Rebutting taunts, Warren releases DNA results on Native American ancestry
The New York Times
WASHINGTON — Signaling even more strongly her intent to run for president, and to forcefully confront President Donald Trump, Sen. Elizabeth Warren on Monday released the results of a DNA test that she said indicated she had Native American ancestry.
There is “strong evidence” that Ms. Warren has Native American pedigree “6-10 generations ago,” according to a document she released from Carlos Bustamante, a renowned geneticist from Stanford University. The error rate is less than 1-in-a-thousand, he said. The results of the DNA test were first reported Monday by The Boston Globe.
In releasing a DNA test, Ms. Warren, D-Mass., was rebutting the taunts of Mr. Trump and other conservatives, who have mocked her as “Pocahontas” and claimed she used her heritage to gain an advantage when she was a law professor.
But she also went further, creating a fact-check website that details her Indian ancestry, Oklahoma roots and includes documents that she says make clear her heritage “had no role whatsoever” in her academic career.
And in a carefully choreographed video that featured interviews with her conservative relatives, her former law school colleagues and Mr. Bustamante — as well as clips of the president mocking her — Ms. Warren fires what amounts to a warning shot against Mr. Trump.
It features footage from a rally Mr. Trump held earlier this year in which he vowed to contribute $1 million to Ms. Warren’s favorite charity if she took a DNA test and it showed she had Native American roots.
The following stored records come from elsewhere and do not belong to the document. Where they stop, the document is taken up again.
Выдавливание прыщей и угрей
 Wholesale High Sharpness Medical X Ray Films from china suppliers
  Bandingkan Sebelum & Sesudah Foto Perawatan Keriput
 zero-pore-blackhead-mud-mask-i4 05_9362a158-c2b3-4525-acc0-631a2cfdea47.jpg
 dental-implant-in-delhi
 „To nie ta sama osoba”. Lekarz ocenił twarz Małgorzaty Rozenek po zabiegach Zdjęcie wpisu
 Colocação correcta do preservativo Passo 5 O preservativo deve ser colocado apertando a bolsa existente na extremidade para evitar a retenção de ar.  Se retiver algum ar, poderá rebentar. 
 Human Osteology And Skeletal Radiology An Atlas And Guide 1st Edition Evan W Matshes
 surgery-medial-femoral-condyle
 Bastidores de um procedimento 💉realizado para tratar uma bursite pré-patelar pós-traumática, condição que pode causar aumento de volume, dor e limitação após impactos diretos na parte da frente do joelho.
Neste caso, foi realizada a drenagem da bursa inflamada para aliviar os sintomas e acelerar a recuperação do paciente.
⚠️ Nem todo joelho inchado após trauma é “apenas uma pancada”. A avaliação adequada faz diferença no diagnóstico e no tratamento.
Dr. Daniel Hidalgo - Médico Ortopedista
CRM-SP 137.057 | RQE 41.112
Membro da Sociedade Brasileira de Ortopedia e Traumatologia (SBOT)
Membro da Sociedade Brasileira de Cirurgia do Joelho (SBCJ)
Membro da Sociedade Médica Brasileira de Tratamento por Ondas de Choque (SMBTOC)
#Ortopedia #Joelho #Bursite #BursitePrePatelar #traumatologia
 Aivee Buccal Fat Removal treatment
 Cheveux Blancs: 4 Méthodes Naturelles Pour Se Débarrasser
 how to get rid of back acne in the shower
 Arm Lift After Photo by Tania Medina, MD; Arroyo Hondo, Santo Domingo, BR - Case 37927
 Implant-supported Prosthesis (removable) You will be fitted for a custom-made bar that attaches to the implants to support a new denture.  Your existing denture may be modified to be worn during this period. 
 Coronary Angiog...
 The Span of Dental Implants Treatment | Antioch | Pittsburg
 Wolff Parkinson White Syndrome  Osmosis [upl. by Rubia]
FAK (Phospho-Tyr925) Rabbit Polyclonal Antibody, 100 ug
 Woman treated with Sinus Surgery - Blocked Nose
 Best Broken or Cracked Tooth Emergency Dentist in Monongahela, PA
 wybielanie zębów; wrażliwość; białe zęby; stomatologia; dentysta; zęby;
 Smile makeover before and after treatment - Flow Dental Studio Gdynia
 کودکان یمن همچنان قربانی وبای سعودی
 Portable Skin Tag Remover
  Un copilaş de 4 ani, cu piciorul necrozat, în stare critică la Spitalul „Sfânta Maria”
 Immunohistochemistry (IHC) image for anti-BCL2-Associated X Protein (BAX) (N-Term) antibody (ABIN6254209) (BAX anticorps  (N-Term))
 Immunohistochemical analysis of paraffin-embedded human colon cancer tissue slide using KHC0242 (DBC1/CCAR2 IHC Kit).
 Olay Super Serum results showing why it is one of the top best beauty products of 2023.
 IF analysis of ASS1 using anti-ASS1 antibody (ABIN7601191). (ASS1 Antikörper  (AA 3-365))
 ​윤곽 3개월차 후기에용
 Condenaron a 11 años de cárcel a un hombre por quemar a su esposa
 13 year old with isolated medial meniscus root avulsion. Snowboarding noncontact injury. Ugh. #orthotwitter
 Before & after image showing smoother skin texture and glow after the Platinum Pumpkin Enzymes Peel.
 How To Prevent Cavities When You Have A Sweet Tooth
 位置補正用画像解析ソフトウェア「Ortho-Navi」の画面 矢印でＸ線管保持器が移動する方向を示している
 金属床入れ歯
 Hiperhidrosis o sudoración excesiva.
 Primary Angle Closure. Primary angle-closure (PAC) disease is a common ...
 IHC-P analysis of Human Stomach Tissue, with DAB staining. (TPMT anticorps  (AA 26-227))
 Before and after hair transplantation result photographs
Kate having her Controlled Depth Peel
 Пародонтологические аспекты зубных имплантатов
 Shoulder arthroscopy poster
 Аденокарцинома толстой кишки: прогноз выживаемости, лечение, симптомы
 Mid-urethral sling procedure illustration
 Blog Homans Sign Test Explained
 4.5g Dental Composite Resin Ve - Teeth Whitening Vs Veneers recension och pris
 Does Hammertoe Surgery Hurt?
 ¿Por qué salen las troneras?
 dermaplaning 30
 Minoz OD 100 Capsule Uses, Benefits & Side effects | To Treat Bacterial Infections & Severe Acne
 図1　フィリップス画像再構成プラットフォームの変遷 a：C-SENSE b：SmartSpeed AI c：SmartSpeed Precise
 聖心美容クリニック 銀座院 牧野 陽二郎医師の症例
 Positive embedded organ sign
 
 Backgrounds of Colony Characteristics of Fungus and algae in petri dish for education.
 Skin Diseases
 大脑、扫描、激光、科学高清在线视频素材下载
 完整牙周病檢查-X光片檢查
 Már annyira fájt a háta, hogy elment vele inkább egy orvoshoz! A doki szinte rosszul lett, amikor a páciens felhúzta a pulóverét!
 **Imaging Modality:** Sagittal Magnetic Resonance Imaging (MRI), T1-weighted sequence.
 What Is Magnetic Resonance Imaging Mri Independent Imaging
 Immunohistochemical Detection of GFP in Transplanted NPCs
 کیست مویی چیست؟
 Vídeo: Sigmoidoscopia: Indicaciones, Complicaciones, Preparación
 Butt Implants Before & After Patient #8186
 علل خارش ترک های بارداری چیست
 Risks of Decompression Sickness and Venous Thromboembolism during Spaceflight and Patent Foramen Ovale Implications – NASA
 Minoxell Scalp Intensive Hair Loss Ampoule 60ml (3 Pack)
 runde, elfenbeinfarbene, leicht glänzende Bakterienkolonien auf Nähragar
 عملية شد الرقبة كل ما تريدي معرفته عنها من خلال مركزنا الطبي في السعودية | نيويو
Then, as she talks to the geneticist over a speaker phone, Ms. Warren says: “Now the president likes to call my mother a liar, what do the facts say?” before she is told she “absolutely” has Native American ancestry.
The video is only the latest element of a monthslong effort by Ms. Warren, who is facing re-election next month, to prepare for a presidential bid.
In an email Monday to supporters, Ms. Warren said she “never expected the president of the United States to use my family’s story as a racist political joke against Native American history, culture, and people — over, and over, and over.”
The senator previously disclosed academic records indicating she did not use her ancestry to win preferential treatment as a law professor, released 10 years of tax returns and has sought to cultivate ties with the country’s Native American tribes.